The Inflationistas Will Destroy The Desire To Save

A penny saved may be a penny earned. But don’t count on it still being worth the same amount when you want to spend it – especially if Harvard economist Kenneth Rogoff gets what he wants.

As the Federal Reserve does everything it can to dump new money into the economy, many people, myself included, are convinced that we are headed toward a period of potentially serious inflation. Most of those people are equally convinced that inflation is a bad thing. It is, after all, one of the two ingredients in the so-called misery index.

In recent comments, however, Rogoff has advocated intentionally creating “moderate inflation of, say, 4 to 6 percent for several years.” In an opinion piece in the Financial Times, he acknowledged that his proposal might be anathema to some, but said “a once-in-75-year crisis calls for outside-the-box measures.”

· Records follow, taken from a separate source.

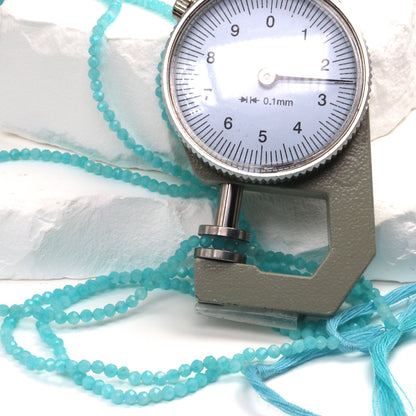 Blue Amazonite 2.5mm Faceted Rounds Bead Strand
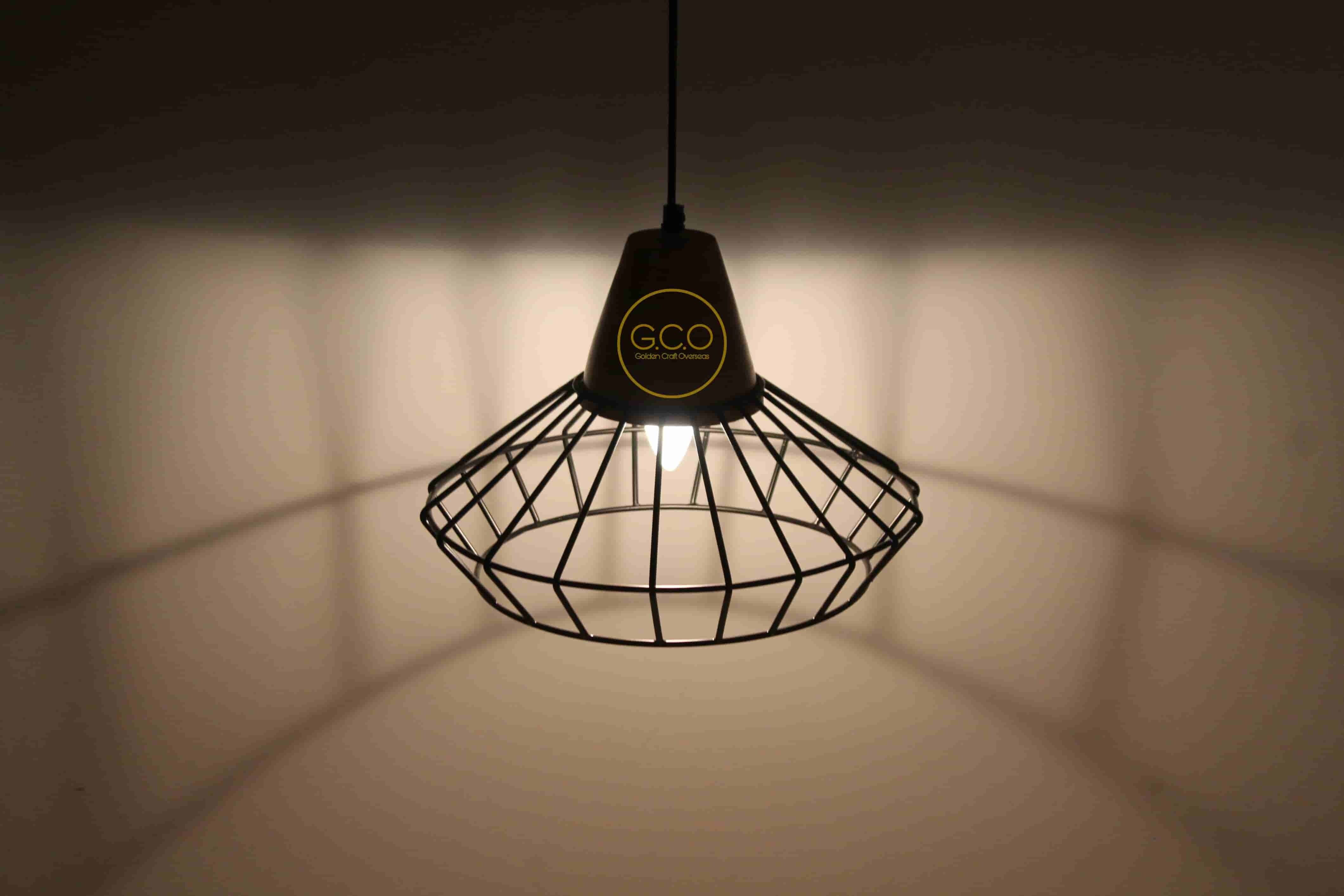 Trending Wooden Base Hanging pendant light with iron frame for interiors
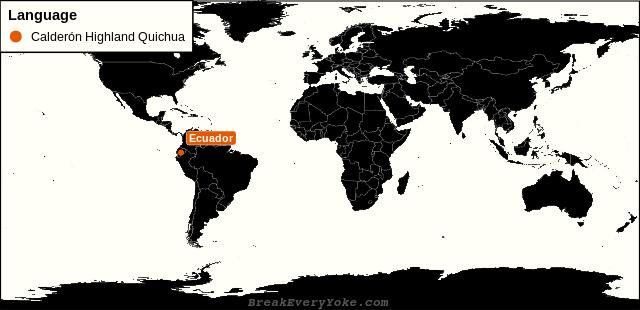 All countries where Calderón Highland Quichua is a significant language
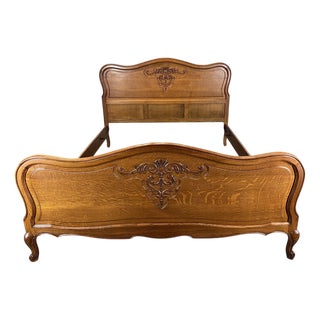 Vintage French Louis XVI Style Double Bed Frame in Oak with Carved Headboard For Sale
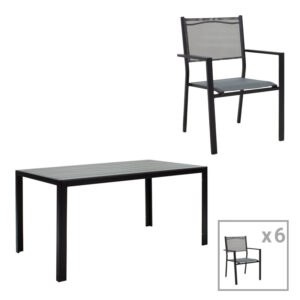 200 000379 Garden dining room Nares-Moly set 7pcs Argos The Classic aluminum anthracite-textilene gray
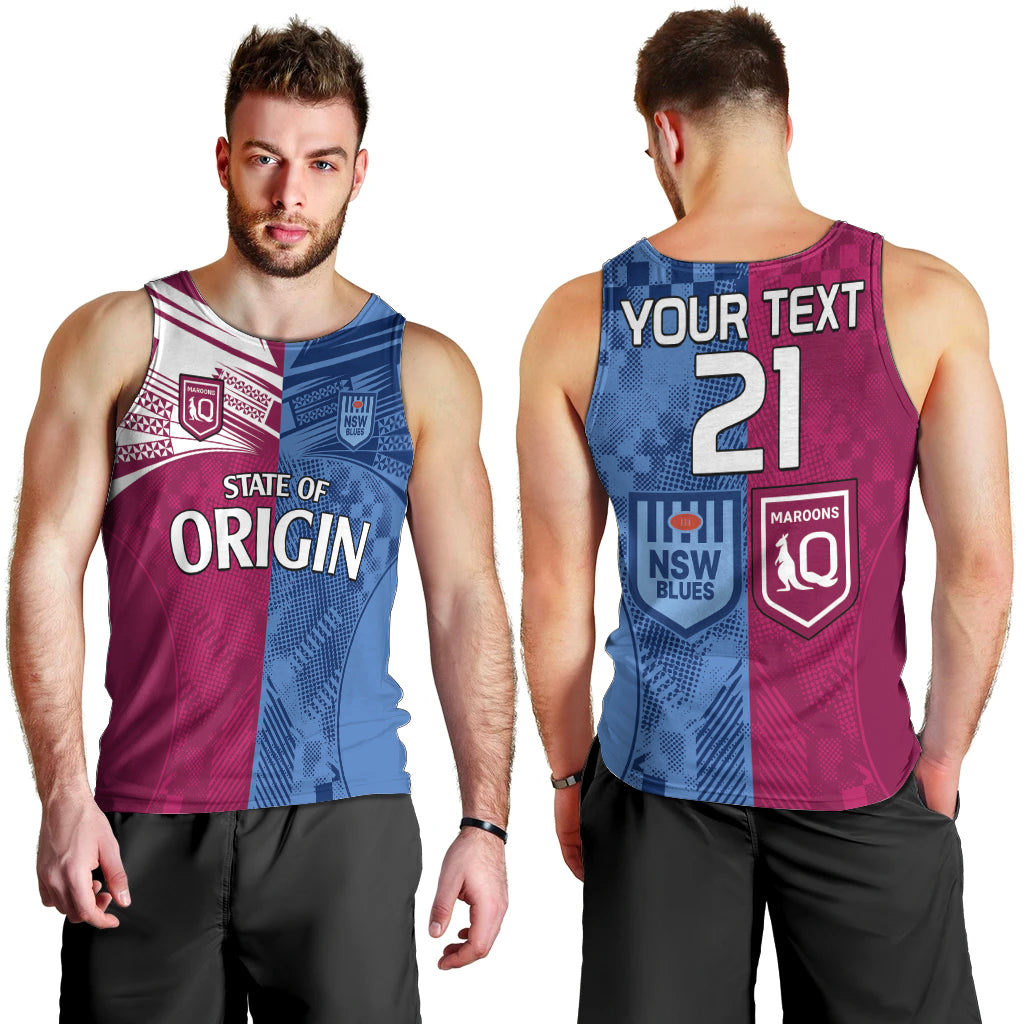 custom-text-and-number-blues-and-maroons-rugby-men-tank-top-state-of-origin-nsw-combine-qld-sporty-style-2023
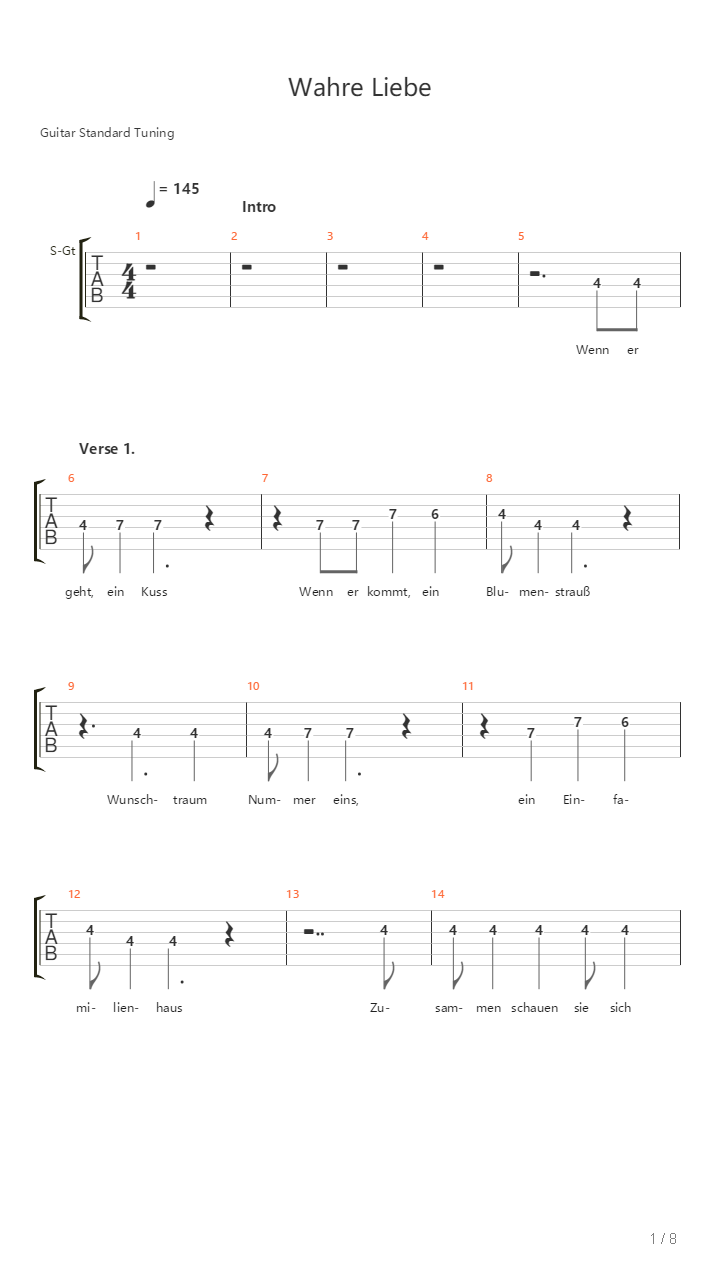 Wahre Liebe吉他谱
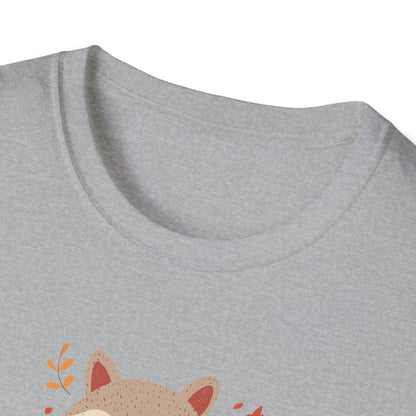 Crisp Air, Cozy Layers T-Shirt | Cute Fox Fall T-Shirt | Cozy Autumn Vibes Tee | Woodland Animal Sweater Shirt | Fall Coffee Lovers Shirt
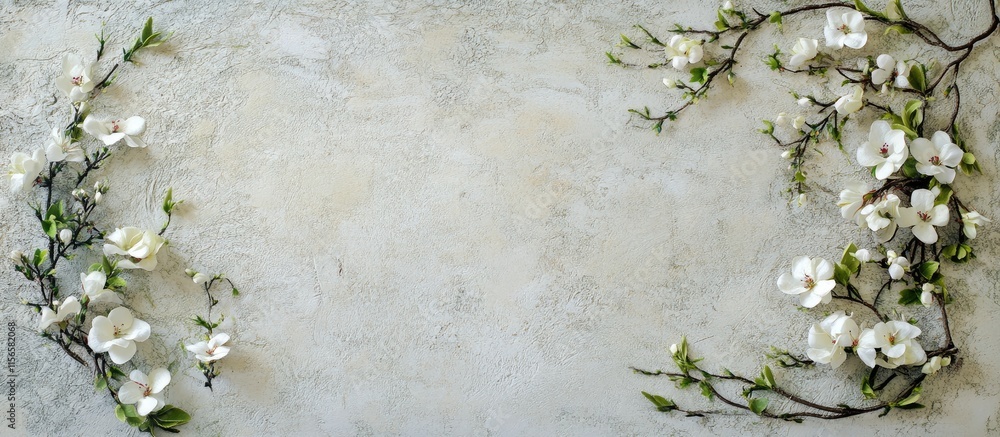 Poster floral frame featuring white spring flowers and green twigs on a textured background with empty spac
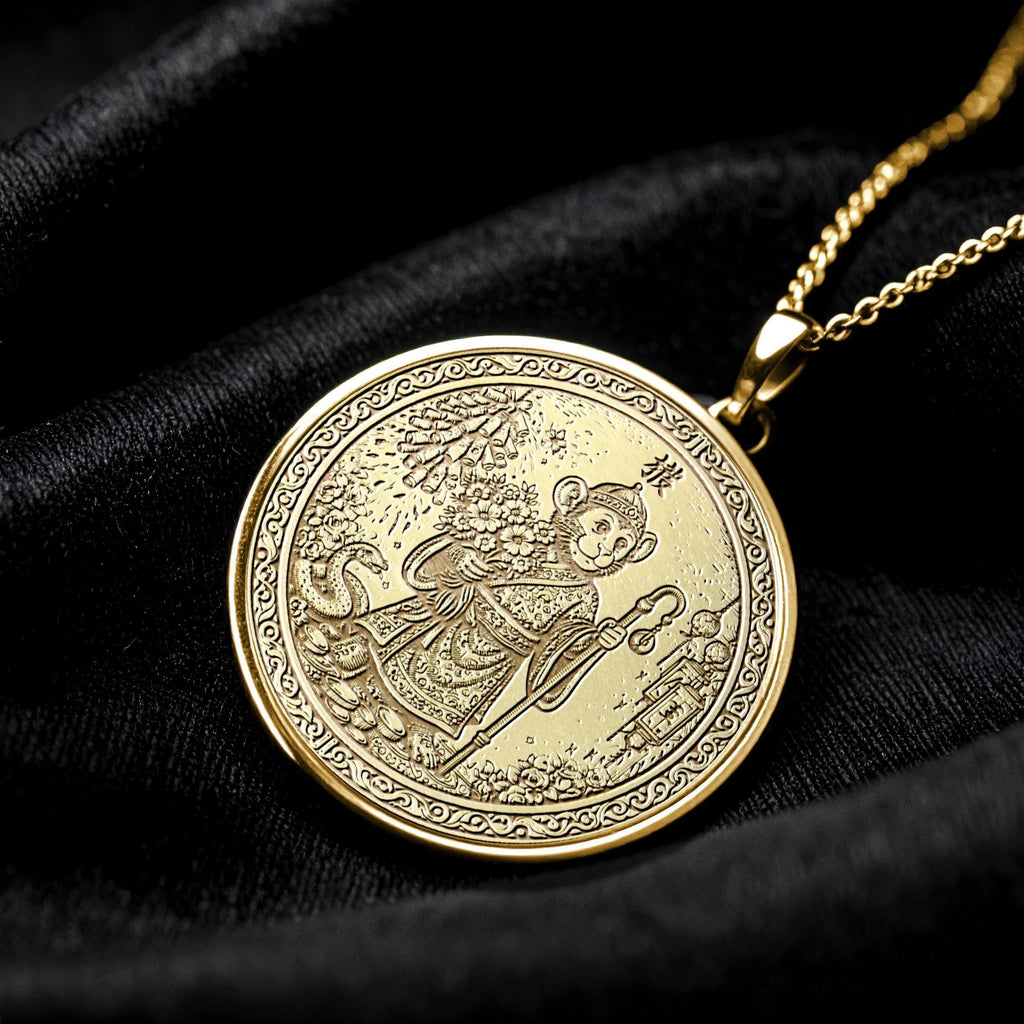 Year of the Monkey Chinese Zodiac Necklace -Pendant of Intelligence, Luck & Playful Energy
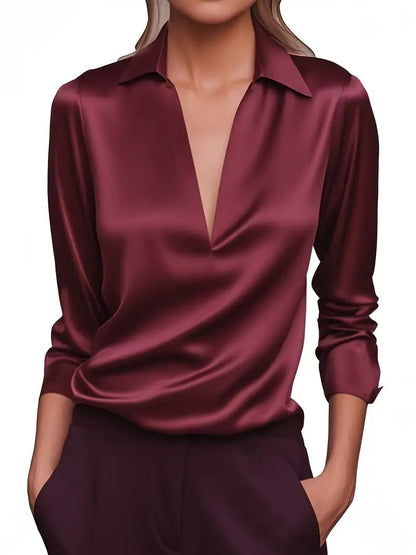 Damen Bluse V-Ausschnitt Satin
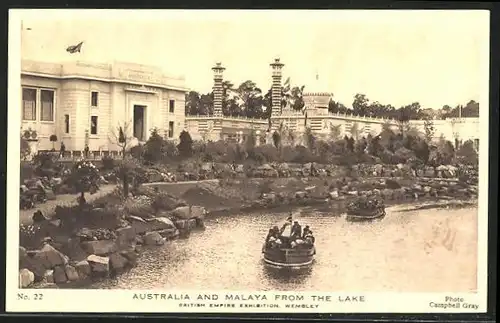 AK Wembley, British Empire Exhibition, Australia and Malaysia from the Lake, Ausstellung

The idea behind the inflationary solution is to get people out of debt by effectively reducing the amounts they owe. A $100,000 mortgage stays a $100,000 mortgage, but if a government can churn up a 4 to 6 percent inflation rate, that $100,000 becomes a smaller amount relative to the cost of other goods and wages. According to Rogoff, the main issue facing our economy is “a huge overhang of debt,” so anything that helps debtors pay back what they owe for less is a good thing.